Однако отношения между мыслью художника и действительностью на этом этапе еще крайне сложны. Освобождение текста от авторского присутствия проистекает вовсе не из сознательного устранения писателя, и оно тем более удивительно, что автор и не пытается стушеваться. Он не только связующее звено между событиями и героями, но и откровенно заявляющая о своем существовании личность. Иллюзия полной независимости героев от автора возникает из единства мировосприятия писателя и действующих лиц его повестей. "У него нет иных красок, - писал Вяч. Полонский, - кроме тех, что почерпнуты из деревенского, негородского бытия"331. Действительно, зрение писателя и его героев расположено как бы в одной плоскости: лексика, сравнения, образный строй автора и персонажей предельно сближены и не знают качественной границы. Вот писатель вводит в повесть эпизодическое лицо - мужика, арестованного солдатами бронепоезда. "Рыжебородый мужик, - пишет он, - сидел в бронепоезде неподвижно. Кровь ушла внутрь, лицо и руки ослизли, как мокрая серая глина". Сильным и крепким мужикам должен быть неприятен этот обмякший мужик; неприятен он и автору. "Когда в него стреляли, - продолжает он, - солдатам казалось, что они стреляют в труп. Поэтому, наверное, один солдат приказал до расстрела:
"А ты сапоги-то сейчас сними, а то потом возись". 06-выклым движением мужик сдеонул сапоги. [133]
Противно было видеть потом, - кончает Вс. Иванов, - как из раны того ударила кровь". "Противно" было расстреливающим мужикам, презирающим вялость, "обвыклость"; противно, это чувствует читатель, и автору. Эмоциональная дистанция между восприятием автора и героев снята.

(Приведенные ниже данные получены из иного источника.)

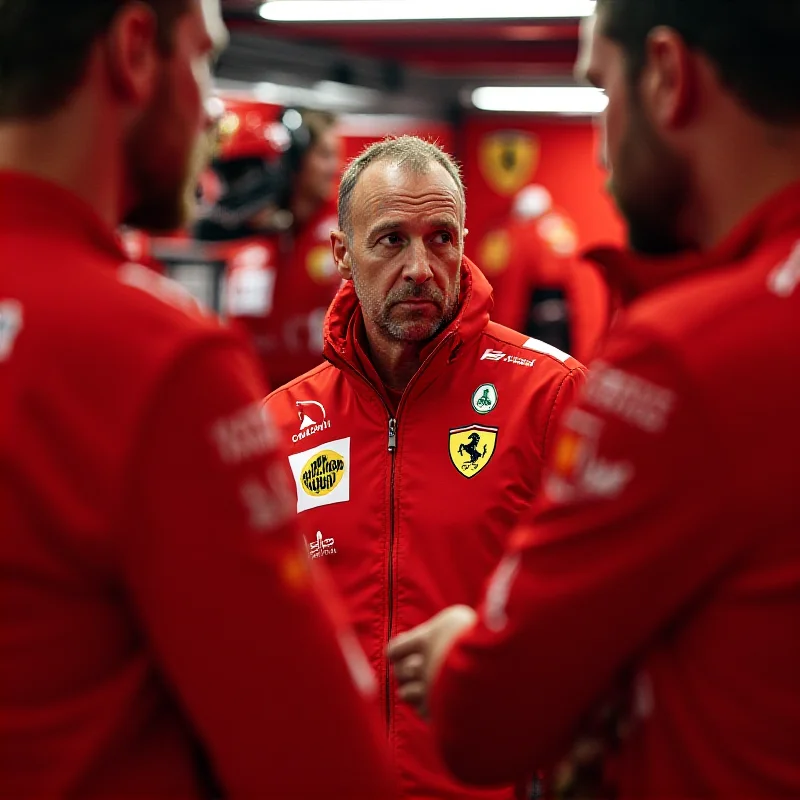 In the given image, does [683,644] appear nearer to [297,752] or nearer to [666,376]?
[666,376]

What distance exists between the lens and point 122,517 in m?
1.08

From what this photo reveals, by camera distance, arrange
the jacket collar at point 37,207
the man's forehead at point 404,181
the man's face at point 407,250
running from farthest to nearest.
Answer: the man's forehead at point 404,181 → the man's face at point 407,250 → the jacket collar at point 37,207

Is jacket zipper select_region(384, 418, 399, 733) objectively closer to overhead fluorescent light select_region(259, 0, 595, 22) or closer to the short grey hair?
the short grey hair

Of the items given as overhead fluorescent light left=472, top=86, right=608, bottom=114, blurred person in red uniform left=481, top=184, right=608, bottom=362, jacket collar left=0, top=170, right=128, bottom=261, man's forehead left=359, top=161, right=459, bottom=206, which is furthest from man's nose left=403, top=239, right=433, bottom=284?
overhead fluorescent light left=472, top=86, right=608, bottom=114

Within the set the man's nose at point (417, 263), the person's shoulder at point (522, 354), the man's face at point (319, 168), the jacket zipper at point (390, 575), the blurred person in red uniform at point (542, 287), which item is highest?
the man's nose at point (417, 263)

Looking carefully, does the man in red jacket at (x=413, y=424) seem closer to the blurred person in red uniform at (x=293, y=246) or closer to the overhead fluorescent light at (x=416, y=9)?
the blurred person in red uniform at (x=293, y=246)

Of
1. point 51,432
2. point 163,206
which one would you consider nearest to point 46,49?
point 163,206

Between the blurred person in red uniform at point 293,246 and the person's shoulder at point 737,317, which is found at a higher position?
the person's shoulder at point 737,317

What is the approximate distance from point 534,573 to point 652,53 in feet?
1.89

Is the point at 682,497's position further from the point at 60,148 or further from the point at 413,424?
the point at 413,424

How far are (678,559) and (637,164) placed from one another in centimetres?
46

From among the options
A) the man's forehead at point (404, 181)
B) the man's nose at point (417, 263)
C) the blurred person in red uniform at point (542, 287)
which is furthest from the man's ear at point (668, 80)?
the blurred person in red uniform at point (542, 287)

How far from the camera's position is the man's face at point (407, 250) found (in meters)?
2.48

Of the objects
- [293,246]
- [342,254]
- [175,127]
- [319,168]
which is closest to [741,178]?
[175,127]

Своеобразие отношений Вс. Иванова и его героев точно уловил Вяч. Полонский: "Анализируя его художественное зрение, его способы изображать мир, мы видим, что перед нами крестьянин, а не горожанин, поэт земли, а не индустрии. Ему близки и понятны леса, степи, с их красками и запахами, но далеки, чужды, непонятны каменные города, фабричные здания, паровозы, телефоны и электричество... В самом авторе - много от его героев: у них общий взгляд на мир. Понимают они его по-разному, но чувствуют одинаково"332.